# live plants in p tank



## Griggs2121 (Aug 18, 2003)

I was just checkin out some tanks and I see quite a few people with live plants in these P tanks. I was just wonderin about that much light in a P tank. Ive heard lotsa things about keeping light dim in a Piranha tank. You guys leave your bright light on all day eh. How do the Ps like it?

Chad


----------



## jah maan (Jan 20, 2004)

heh that is a common question ... i put as much light as i need for my plants and didnt worry about my P's not liking it ... yea they dont like it but i payed lots of money for my plants and spend alot of time on it ... so i want it to live ... after about 3 months the P's have no problem with the lights...


----------



## Pterogho (Feb 8, 2004)

Once again I just second jah maan.


----------



## Scrambled (Dec 17, 2003)

I just buy low light plants (anubias).
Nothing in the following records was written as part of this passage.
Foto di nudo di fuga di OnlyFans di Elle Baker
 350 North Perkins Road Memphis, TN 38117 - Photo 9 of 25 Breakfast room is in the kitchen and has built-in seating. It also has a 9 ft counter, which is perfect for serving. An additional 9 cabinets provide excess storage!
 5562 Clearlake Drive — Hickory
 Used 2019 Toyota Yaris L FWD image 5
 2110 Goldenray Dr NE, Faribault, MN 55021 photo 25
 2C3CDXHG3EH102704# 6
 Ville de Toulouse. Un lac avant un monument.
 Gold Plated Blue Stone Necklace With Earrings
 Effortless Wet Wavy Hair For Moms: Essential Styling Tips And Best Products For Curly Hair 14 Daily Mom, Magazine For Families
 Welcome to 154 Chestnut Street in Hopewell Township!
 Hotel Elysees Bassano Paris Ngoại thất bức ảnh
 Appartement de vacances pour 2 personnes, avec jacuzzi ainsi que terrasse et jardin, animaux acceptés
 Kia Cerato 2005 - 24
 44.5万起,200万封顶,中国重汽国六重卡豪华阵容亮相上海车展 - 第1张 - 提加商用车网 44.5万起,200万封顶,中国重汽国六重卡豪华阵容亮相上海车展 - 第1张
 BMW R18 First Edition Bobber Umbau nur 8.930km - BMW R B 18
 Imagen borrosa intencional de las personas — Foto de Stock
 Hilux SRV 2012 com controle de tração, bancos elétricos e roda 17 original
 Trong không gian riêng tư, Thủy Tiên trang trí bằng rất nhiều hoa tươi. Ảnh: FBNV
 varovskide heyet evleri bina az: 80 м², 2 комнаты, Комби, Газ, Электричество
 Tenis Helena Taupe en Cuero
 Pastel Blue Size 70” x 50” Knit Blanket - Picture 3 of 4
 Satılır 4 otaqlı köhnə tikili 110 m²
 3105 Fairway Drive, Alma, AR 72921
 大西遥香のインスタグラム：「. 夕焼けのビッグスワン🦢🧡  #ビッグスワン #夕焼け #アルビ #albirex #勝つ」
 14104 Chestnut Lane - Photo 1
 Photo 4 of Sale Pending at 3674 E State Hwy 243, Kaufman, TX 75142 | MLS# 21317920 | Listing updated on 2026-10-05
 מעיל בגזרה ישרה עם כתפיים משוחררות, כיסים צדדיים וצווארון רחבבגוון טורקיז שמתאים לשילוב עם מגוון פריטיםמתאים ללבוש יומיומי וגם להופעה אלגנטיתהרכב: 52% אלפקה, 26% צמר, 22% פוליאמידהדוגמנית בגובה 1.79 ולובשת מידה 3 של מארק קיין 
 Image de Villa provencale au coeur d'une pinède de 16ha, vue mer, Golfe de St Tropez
I am more concerned about my p's health than my plants even though I pay a bundle for them. I wrap my bulb in electrical tape until it's dim enough for the piranhas but still light enough for my plants. My plants are doing great.


----------



## Husky_Jim (May 26, 2003)

Sooner or later your P's will get used the light.
I use extra reflectors for the light cause i want healthy plants and i leave the lights on for 10 hours and my P's don't care about it.


----------